This article shows you how to implement the LZW lossless compression algorithm in VBScript. It can also be used in VBA as is or almost as is.
https://en.wikipedia.org/wiki/Lempel...%E2%80%93Welch
The LZW Algorithm
The LZW algorithm is a compression technique that results in no loss of data. It builds a dictionary of codes and values used in the compression on the fly. The dictionary is not stored with the compressed file and is discarded after compression. During decompression, the dictionary is rebuilt from the compressed data.
The LZW algorithm functions by:
- Initialize the dictionary to contain all strings of length one
- Find the longest string in the dictionary that matches the current input
- Output the dictionary code for that matching input
- Append the next character from the input to the matching input string and add it as a new dictionary value with a new code
- Go to step 2
The Code and How to Use It
The code below is an example implementation of the LZW Algorithm in VBScript and is easily portable to VBA. The functions are LZWCompress and LZWUncompress and take the file path as the parameter.
The dictionary is initialized to the full range of 8 bit values and uses 16 bits for each key. The dictionary reinitializes after reaching 65535 keys I did this for ease of implementation even though that also means it's not as compressed as it can be.
My tests on large Access databases have shown an 86% compression level compared to 93% compression using "ultra" level compression with the LZMA algorithm in 7zip.

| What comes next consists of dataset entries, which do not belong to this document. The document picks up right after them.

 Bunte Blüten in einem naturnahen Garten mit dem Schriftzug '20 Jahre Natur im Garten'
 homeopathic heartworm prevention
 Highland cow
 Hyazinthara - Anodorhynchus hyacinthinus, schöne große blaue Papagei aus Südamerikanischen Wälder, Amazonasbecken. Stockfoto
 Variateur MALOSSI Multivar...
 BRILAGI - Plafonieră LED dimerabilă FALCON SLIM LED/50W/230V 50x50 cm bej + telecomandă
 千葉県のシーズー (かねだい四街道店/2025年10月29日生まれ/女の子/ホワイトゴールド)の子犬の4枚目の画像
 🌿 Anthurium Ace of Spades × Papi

My implementation of the algorithm is also slow due to the fact that I read the file 1 byte at a time. Again, this was due to ease of implementation. Would be more efficient to read a large amount of the file into memory rather than byte by byte.
Expand|Select|Wrap|Line Numbers
- Option Explicit
- Const ForReading = 1, ForWriting = 2, ForAppending = 8
- Function LZWCompress(strPath)
- Dim oFS, oFRead, oFWrite, oDict, strNext, strCurrent, intMaxCode, i
- Set oDict = CreateObject("Scripting.Dictionary")

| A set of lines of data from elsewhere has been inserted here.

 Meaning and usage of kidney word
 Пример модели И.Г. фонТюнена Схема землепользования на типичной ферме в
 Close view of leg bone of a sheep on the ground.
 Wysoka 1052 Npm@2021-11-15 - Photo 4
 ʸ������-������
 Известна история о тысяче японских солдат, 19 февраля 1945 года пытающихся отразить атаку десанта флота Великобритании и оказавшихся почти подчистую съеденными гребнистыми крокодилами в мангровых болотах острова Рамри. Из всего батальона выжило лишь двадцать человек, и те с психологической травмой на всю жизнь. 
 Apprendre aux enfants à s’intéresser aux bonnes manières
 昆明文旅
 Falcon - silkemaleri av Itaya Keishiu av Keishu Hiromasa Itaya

- Set oFS = CreateObject("Scripting.FileSystemObject")
- Set oFRead = oFS.OpenTextFile(strPath, ForReading)
- Set oFWrite = oFS.OpenTextFile(strPath & ".lzw", ForWriting, True)
- Set oFS = Nothing
- intMaxCode = 255
- strCurrent = oFRead.Read(1)
- For i = 0 To 255
- oDict.Add Chr(i), i
- Next
- Do Until oFRead.AtEndOfStream
- strNext = oFRead.Read(1)
- If oDict.Exists(strCurrent & strNext) Then
- strCurrent = strCurrent & strNext
- Else
- oFWrite.Write(Chr(CByte(oDict.Item(strCurrent) \ 256)) & Chr(CByte(oDict.Item(strCurrent) Mod 256)))

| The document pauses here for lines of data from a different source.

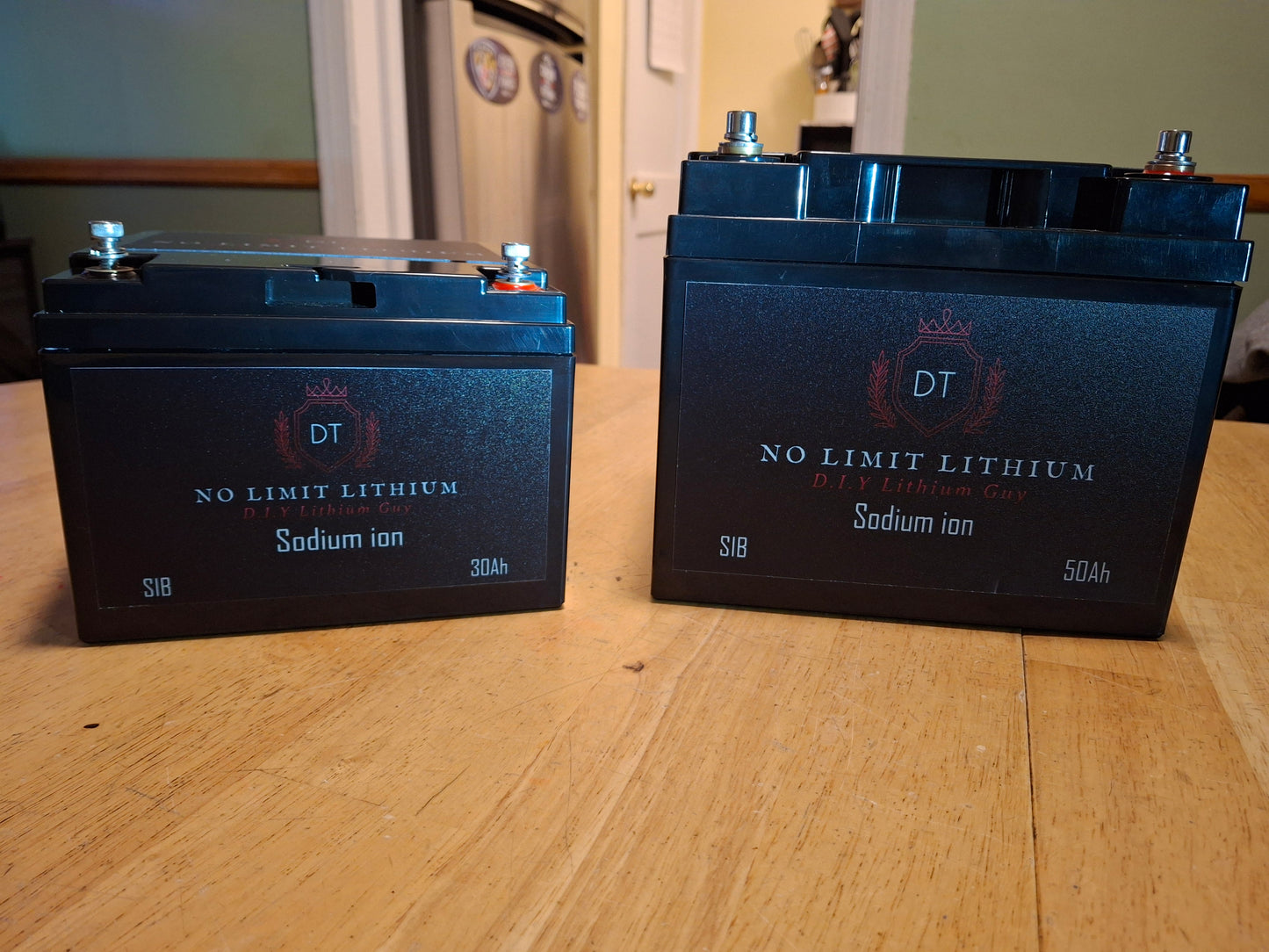 50ah Sodium Ion Battery...CAR AUDIO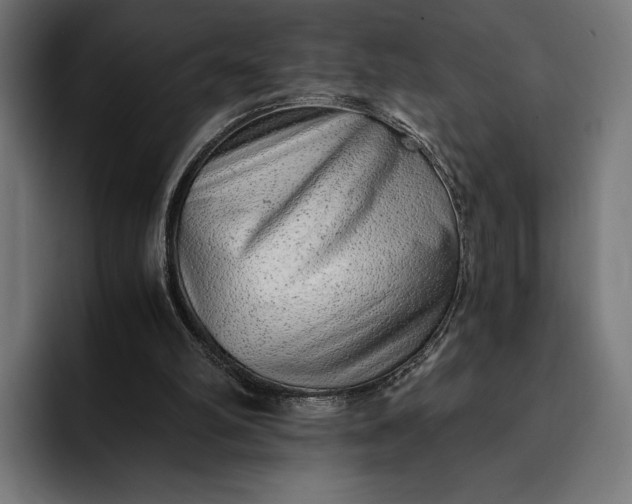 X0000093120102200710101048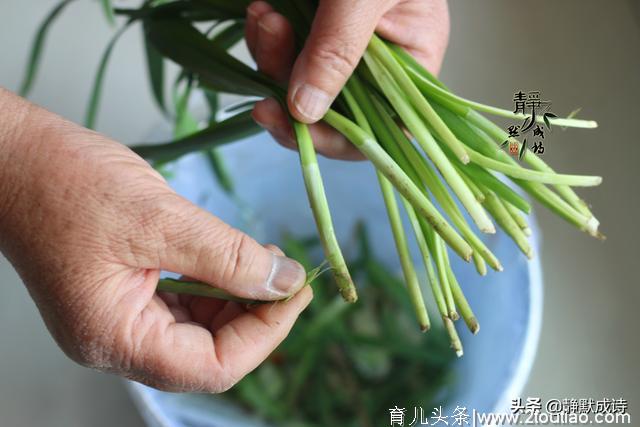 每到惊蛰，母亲必做这饼，馅鲜美防春困，几十年了都吃不够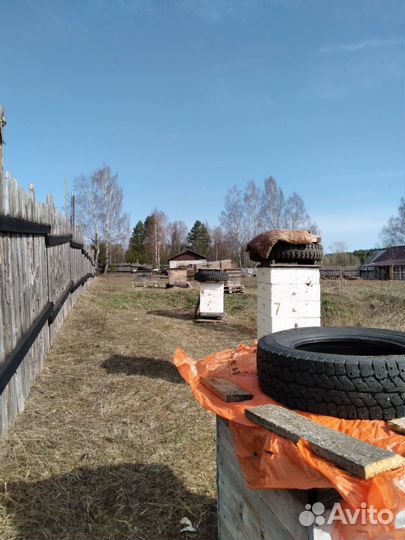 Продаются пчелы с ульем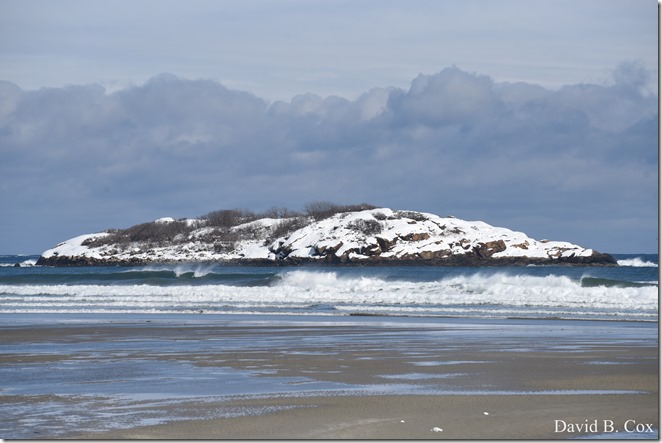 2019 03 04 D 750 Snow Day 024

- intMaxCode = intMaxCode + 1
- oDict.Add strCurrent & strNext, intMaxCode
- strCurrent = strNext
- If intMaxCode = 65535 Then
- intMaxCode = 255
- oDict.RemoveAll
- For i = 0 To 255
- oDict.Add Chr(i), i
- Next
- End If
- End If
- Loop
- oFWrite.Write(Chr(CByte(oDict.Item(strCurrent) \ 256)) & Chr(CByte(oDict.Item(strCurrent) Mod 256)))
- oFRead.Close
- oFWrite.Close
- Set oFRead = Nothing
- Set oFWrite = Nothing
- Set oDict = Nothing
- End Function
- Function LZWUncompress(strPath)
- Dim oFS, oFRead, oFWrite, oDict, intNext, intCurrent, intMaxCode, i, strNext
- Set oDict = CreateObject("Scripting.Dictionary")
- Set oFS = CreateObject("Scripting.FileSystemObject")
- Set oFRead = oFS.OpenTextFile(strPath, ForReading)
- Set oFWrite = oFS.OpenTextFile(strPath & ".unc", ForWriting, True)
- Set oFS = Nothing
- intMaxCode = 255
- strNext = oFRead.Read(2)
- intCurrent = 0
- For i = 1 To Len(strNext)
- intCurrent = intCurrent + 256 ^ (Len(strNext) - i) * Asc(Mid(strNext, i, 1))
- Next
- For i = 0 To 255
- oDict.Add i, Chr(i)
- Next
- Do Until oFRead.AtEndOfStream
- oFWrite.Write(oDict.Item(intCurrent))
- intMaxCode = intMaxCode + 1
- strNext = oFRead.Read(2)
- intNext = 0
- For i = 1 To Len(strNext)
- intNext = intNext + 256 ^ (Len(strNext) - i) * Asc(Mid(strNext, i, 1))
- Next
- If oDict.Exists(intNext) Then
- oDict.Add intMaxCode, oDict.Item(intCurrent) & Left(oDict.Item(intNext), 1)
- Else
- oDict.Add intMaxCode, oDict.Item(intCurrent) & Left(oDict.Item(intCurrent), 1)
- End If
- If intMaxCode = 65535 Then
- intMaxCode = 255
- oDict.RemoveAll
- For i = 0 To 255
- oDict.Add i, Chr(i)
- Next
- End If
- intCurrent = intNext
- Loop
- oFWrite.Write(oDict.Item(intCurrent))
- oFRead.Close
- oFWrite.Close
- Set oFRead = Nothing
- Set oFWrite = Nothing
- Set oDict = Nothing
- End Function